Donors back $280m fund transfer to help avert Afghan famine

World Bank-administered fund will give $180m to the World Food Program for food aid and $100m to UNICEF for health services.

The UN is warning that nearly 23 million people - about 55 percent of the population - are facing extreme levels of hunger, with nearly nine million at risk of famine as winter takes hold in the impoverished, landlocked country [File: Javed Tanveer/AFP]

International donors have agreed to transfer $280m from a frozen trust fund to the World Food Program (WFP) and UNICEF to support nutrition and health in Afghanistan, the World Bank said as it seeks to help a country facing famine and economic freefall.

The World Bank-administered Afghan Reconstruction Trust Fund will this year give $180m to WFP to scale up food security and nutrition operations and $100m to UNICEF to provide essential health services, the bank said in a statement on Friday.

The money would aim to support food security and health programmes in Afghanistan as it sinks into a severe economic and humanitarian crisis that accelerated in August, when the Taliban overran the country as the Western-backed government collapsed and the last US troops withdrew.

The United States and other donors cut off financial aid on which Afghanistan became dependent during 20 years of war, and more than $9bn of the country’s hard currency assets were frozen.

The United Nations is warning that nearly 23 million people – about 55 percent of the population – are facing extreme levels of hunger, with nearly nine million at risk of famine as winter takes hold in the impoverished, landlocked country.

Using reconstruction trust fund money and channelling it through the WFP and UNICEF, both part of the UN family, appears to be a way to get funding into the country for basic needs in a manner that does not necessarily implicate US sanctions against the Taliban.

“This decision is the first step to repurpose funds in the ARTF portfolio to provide humanitarian assistance to the people of Afghanistan at this critical time,” the bank said, saying the agencies had presence on the ground to deliver services directly to Afghans in line “with their own policies and procedures”.
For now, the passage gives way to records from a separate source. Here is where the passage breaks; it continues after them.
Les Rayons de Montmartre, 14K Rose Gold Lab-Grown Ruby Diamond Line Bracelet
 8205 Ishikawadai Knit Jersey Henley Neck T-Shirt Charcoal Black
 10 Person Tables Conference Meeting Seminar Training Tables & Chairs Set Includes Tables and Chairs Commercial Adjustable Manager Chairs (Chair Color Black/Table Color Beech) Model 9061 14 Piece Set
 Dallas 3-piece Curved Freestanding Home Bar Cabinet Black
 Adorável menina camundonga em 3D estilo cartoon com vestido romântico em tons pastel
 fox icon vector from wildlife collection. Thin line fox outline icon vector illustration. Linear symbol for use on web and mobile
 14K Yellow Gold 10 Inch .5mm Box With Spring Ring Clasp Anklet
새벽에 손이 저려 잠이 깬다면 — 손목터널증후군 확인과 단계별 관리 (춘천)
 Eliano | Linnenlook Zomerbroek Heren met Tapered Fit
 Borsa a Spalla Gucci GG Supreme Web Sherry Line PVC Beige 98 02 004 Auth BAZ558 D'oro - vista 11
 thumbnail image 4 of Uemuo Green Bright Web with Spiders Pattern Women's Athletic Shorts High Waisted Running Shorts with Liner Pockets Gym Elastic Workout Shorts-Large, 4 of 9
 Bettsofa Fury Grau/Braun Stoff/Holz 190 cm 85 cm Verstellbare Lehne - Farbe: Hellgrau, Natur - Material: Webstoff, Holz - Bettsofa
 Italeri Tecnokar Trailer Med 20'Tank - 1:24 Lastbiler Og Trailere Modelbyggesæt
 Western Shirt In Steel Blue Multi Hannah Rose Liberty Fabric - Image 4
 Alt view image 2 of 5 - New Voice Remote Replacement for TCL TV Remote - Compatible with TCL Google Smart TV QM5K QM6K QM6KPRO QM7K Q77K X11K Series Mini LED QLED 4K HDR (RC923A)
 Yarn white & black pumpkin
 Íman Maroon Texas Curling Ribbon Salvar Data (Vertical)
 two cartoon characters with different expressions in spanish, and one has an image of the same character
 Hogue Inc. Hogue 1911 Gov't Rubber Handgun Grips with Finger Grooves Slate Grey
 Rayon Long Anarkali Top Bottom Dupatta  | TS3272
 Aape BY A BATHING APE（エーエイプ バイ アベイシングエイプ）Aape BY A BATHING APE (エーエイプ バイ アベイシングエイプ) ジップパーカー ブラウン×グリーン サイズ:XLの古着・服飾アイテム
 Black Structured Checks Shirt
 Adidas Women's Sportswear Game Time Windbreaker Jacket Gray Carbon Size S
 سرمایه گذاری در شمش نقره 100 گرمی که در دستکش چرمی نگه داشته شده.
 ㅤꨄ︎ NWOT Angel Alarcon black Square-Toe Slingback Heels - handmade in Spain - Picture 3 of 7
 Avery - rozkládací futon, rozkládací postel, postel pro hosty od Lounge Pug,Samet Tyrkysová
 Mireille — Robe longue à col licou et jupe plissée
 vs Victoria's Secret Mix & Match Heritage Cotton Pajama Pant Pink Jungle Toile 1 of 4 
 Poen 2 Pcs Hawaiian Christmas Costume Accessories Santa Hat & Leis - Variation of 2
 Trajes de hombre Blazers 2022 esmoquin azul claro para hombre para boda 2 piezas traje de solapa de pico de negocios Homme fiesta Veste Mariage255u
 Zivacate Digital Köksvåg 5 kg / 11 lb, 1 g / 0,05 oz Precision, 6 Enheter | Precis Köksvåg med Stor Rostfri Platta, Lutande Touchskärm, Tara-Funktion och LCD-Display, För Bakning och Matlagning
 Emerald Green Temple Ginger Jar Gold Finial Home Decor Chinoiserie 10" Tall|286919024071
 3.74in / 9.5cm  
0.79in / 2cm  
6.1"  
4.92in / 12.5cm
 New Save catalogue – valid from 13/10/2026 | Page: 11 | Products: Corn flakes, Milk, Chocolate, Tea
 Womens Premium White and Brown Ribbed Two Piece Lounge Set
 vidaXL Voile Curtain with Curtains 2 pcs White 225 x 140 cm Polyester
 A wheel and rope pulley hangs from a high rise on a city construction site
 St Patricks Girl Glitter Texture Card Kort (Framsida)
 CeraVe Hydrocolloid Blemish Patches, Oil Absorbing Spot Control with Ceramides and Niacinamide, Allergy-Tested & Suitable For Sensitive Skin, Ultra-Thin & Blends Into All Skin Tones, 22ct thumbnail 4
“These ARTF funds will enable UNICEF to provide 12.5 million people with basic and essential health services and vaccinate 1 million people, while WFP will be able to provide 2.7 million people with food assistance and nearly 840,000 mothers and children with nutrition assistance,” it added.

‘They need more than food aid’

Earlier on Friday, the Reuters news agency reported exclusively that the donors were expected to approve the $280m transfer.

On December 1, Reuters reported that the World Bank board had backed transferring the ARTF funds to the two agencies.

In its statement, the bank said it would “continue to work with ARTF donors to unlock additional ARTF funds to support the Afghan people”.

The money set to be released would aim to support food security and health programmes in Afghanistan as it sinks into a severe economic and humanitarian crisis [File: Javed Tanveer/AFP]

Laurel Miller, a former acting US special representative for Afghanistan and Pakistan, criticised the decision to tap the ARTF for strictly humanitarian aid, saying the money should come from other sources and the $1.5bn fund should be used for an extensive initiative to halt the collapse of state institutions whose workers have not been paid for months.

“We’re talking about a collapse of public services that serve the Afghan people,” said Miller, who oversees the Asia programme of the International Crisis Group, a think-tank.

“That’s not about helping the Taliban. That’s about helping Afghans who need a functioning state. They need more than food aid.”

Many people in the capital Kabul have resorted to selling household goods in order to feed themselves and buy coal to heat their homes in the winter.